The U.S. Federal Reserve faces its biggest dilemma yet as mistakes from the past come back to haunt, warns the CEO of one of the world’s largest independent financial advisory, asset management and fintech organisations.
The stark warning from deVere Group’s Nigel Green comes as US CPI data published yesterday reveals that core inflation rose in February in the world’s largest economy.
He says: “The headline CPI last month had risen by 6% from last year, down from the 6.4% pace recorded in January, as expected.
“However, core inflation which takes out volatile elements such as food and energy prices, jumped 0.5% on the month and 5.5% on the year.
“This presents the biggest dilemma yet for the Fed.”
Nigel Green continues: “The U.S. central bank has the unenviable task of trying to cool high inflation – which remains stubbornly high and with core inflation on the rise again – despite one of the most aggressive rate hike programs in the world, as well as maintaining financial stability, in the face of the second and third biggest bank failures in U.S. history in recent days.
“It’s time for an honest conversation. The Fed has already spectacularly failed to control inflation so far.
“Now, they need to roll higher rates to cool inflation, but these pumped-up rates could trigger yet more problems for the critical banking sector.
“Investors are increasingly concerned that the Fed’s overtightening now – when monetary policy time lags are notoriously long – could steer the U.S. economy into a recession.”
The time lag in monetary policies is very high. Economists estimate interest rate changes take up to 18 months to have the full effect. This means monetary policymakers need to try and predict the state of the economy for up to 18 months ahead.
“We expect the central bank will remain hawkish. They will argue there’s not enough evidence to revise the hikes.”
The deVere CEO says, “mistakes from the past come back to haunt” the Federal Reserve.
“The Fed didn’t act quickly enough to tame inflation. They resisted raising interest rates from near-zero levels for most of 2021, even as prices began shooting up due to pandemic-related supply chain snarls, Covid outbreaks and a persistent labour shortage, amongst other issues,” he notes. “This all leads to sky-high inflation – and especially wage inflation.”
It would seem that the Fed hasn’t learned the lessons from the 1980s.
“During much of the 1970s, the U.S. central bank refused to roll out rate hikes, probably due to political pressure from leaders unwilling to allow higher unemployment on their watch.

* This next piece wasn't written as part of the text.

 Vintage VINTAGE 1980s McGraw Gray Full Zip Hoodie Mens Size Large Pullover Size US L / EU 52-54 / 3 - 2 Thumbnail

“Of course, this made workers keep asking for ever higher salaries, which forced businesses to keep increasing prices to compensate, and which led to the infamous 1980’s wage-price spiral and the recession.”
The deVere chief also flags not bringing quantitative easing (Q.E.) to an end sooner as another potential mistake made by the Fed.

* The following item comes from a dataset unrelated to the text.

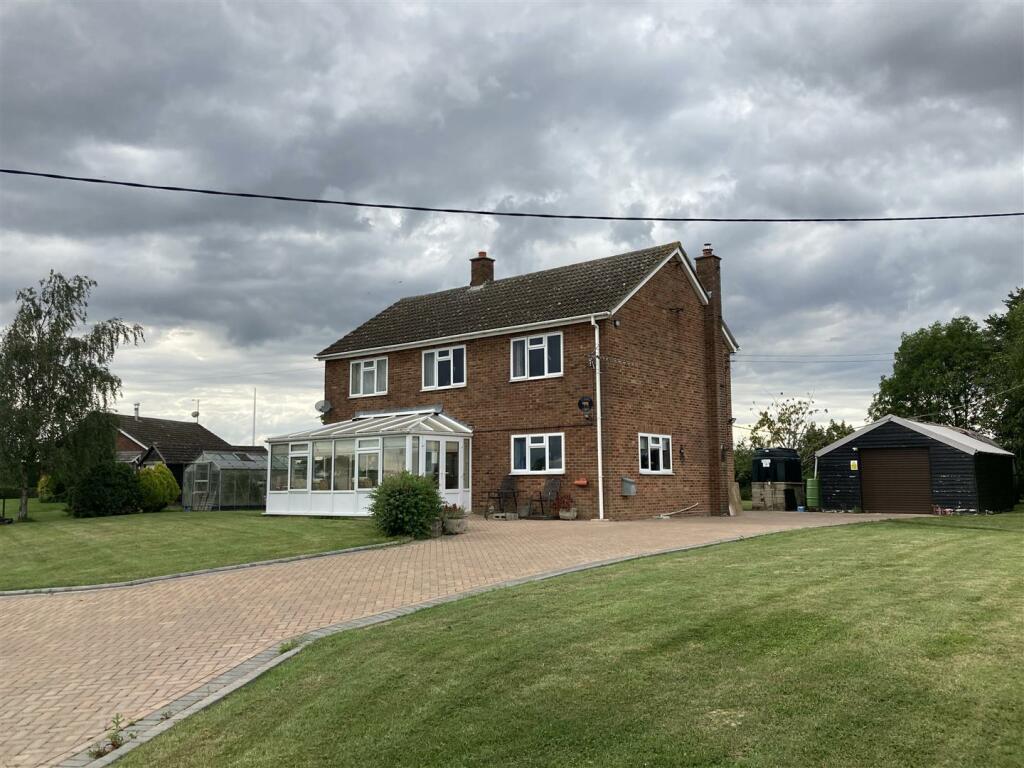 4 bedroom detached house for sale in Prouds Farm, Eggshell Lane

In 2022, the Fed brought an end to its Q.E. policy involving purchases of Treasury and mortgage-backed securities. Q.E. was aimed at providing more liquidity to capital markets.
“Could Q.E. have helped spur inflation as the increased money supply resulted in too much money chasing too few goods and services at that time?” he asks.
Nigel Green concludes: “Mistakes of the past are coming back to haunt the Fed as they face their toughest decision yet at their next meeting on March 22.”